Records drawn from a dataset
----
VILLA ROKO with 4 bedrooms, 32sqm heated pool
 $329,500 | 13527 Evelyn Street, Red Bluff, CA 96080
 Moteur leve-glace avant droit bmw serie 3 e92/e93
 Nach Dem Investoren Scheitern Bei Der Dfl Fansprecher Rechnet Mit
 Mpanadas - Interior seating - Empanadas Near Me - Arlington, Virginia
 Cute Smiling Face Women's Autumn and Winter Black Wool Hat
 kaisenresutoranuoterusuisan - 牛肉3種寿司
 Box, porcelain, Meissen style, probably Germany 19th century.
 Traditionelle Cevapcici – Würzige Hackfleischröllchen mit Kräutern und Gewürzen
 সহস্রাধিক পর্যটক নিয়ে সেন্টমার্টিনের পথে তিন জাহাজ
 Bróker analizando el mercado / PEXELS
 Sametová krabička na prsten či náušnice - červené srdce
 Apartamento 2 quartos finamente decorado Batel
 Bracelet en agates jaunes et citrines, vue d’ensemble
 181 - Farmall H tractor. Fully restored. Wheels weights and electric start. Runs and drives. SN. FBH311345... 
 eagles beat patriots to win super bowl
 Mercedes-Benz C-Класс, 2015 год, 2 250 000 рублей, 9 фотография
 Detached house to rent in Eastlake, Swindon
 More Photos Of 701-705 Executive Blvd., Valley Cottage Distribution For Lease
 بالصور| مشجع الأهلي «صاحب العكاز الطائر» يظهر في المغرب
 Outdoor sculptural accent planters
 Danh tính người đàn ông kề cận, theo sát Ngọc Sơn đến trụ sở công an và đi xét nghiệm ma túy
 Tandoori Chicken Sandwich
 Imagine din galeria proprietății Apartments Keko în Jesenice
----
▸ **Problem to work on**
Without leaving anything out, transcribe the records above exactly.

▸ **Response to the task**
VILLA ROKO with 4 bedrooms, 32sqm heated pool
 $329,500 | 13527 Evelyn Street, Red Bluff, CA 96080
 Moteur leve-glace avant droit bmw serie 3 e92/e93
 Nach Dem Investoren Scheitern Bei Der Dfl Fansprecher Rechnet Mit
 Mpanadas - Interior seating - Empanadas Near Me - Arlington, Virginia
 Cute Smiling Face Women's Autumn and Winter Black Wool Hat
 kaisenresutoranuoterusuisan - 牛肉3種寿司
 Box, porcelain, Meissen style, probably Germany 19th century.
 Traditionelle Cevapcici – Würzige Hackfleischröllchen mit Kräutern und Gewürzen
 সহস্রাধিক পর্যটক নিয়ে সেন্টমার্টিনের পথে তিন জাহাজ
 Bróker analizando el mercado / PEXELS
 Sametová krabička na prsten či náušnice - červené srdce
 Apartamento 2 quartos finamente decorado Batel
 Bracelet en agates jaunes et citrines, vue d’ensemble
 181 - Farmall H tractor. Fully restored. Wheels weights and electric start. Runs and drives. SN. FBH311345... 
 eagles beat patriots to win super bowl
 Mercedes-Benz C-Класс, 2015 год, 2 250 000 рублей, 9 фотография
 Detached house to rent in Eastlake, Swindon
 More Photos Of 701-705 Executive Blvd., Valley Cottage Distribution For Lease
 بالصور| مشجع الأهلي «صاحب العكاز الطائر» يظهر في المغرب
 Outdoor sculptural accent planters
 Danh tính người đàn ông kề cận, theo sát Ngọc Sơn đến trụ sở công an và đi xét nghiệm ma túy
 Tandoori Chicken Sandwich
 Imagine din galeria proprietății Apartments Keko în Jesenice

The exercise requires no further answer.